[CALUG] Repairing Ubuntu 8.04 installation, or installing packages to an alternate destination?
Ed Browne
edward_d_browne at yahoo.com
Wed Apr 29 15:25:21 EDT 2009
Thanks to all who offered their suggestions. In answer
to the question "why not just do a new install?", I had
hoped I could learn something by fixing it, and save
time in the long run. But in the end, everything I fixed
just threw up two more things to fix. So I went the
whole hog and (after saving my homedir) installed
the new Ubuntu 9.04. Just a few more things left
to tweak ...
Thanks again - Ed
________________________________
From: "sklist at kitterman.com" <sklist at kitterman.com>
To: calug at unknownlamer.org
Sent: Saturday, April 25, 2009 10:25:46 PM
Subject: Re: [CALUG] Repairing Ubuntu 8.04 installation, or installing packages to an alternate destination?

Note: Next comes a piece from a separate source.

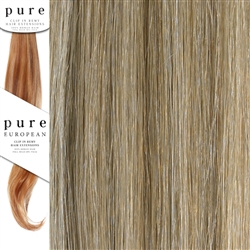 Pure Remy Clip In Hair Extensions 18 Inches Colour P18/SB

On Sat, 25 Apr 2009 10:05:15 -0700 (PDT) Ed Browne
<edward_d_browne at yahoo.com> wrote:
> Hi,
> I inadvertently, tragically, uninstalled a bunch of packages on
>my Ubuntu 8.04, including some things necessary for both
>synaptic and a network connection.
> So, short of doing a brand-new install, is there a way to
>salvage this system? I'm booted up now on the Ubuntu 8.04
>install DVD, so can I either
>a) install the packages I need from the DVD to my hard drive,
>perhaps targeting a different relative path where I would have
>mounted my hard drive, like say "/mnt/usr" and so forth.
>or
>b) manually install the bare minimum of tools manually
>on hard drive, and put the rest packages I need on the hard
>drive, then boot up in the hard drive and install those
>pre-positioned packages with some form of simple
>command-line package management?
>
Mount the system's hard drive (I use Kubuntu, not Ubuntu, so I can't advise
you on which GUI tool to do this with), make a new directory and copy the
.deb files for the packages you need (including their dependencies you may
have removed) from the dvd into this directory on your system's hard drive
(anywhere is fine, but in your user home dir somewhere is safest), reboot
into your system, open a shell and cd into the dir with the .deb's, then
install the packages using:
sudo dpkg -i *.deb
if there are dependency errors, make note of them and try to fix it with:
sudo apt-get -f install
Pay close attention to what apt wants to do. If it doesn't want to remove
packages, then go ahead, if it does, you didn't get all the packages you
need. You'll need to reboot into the dvd and repeat to get the missing
packages.
That should allow you to reinstall the missing bits.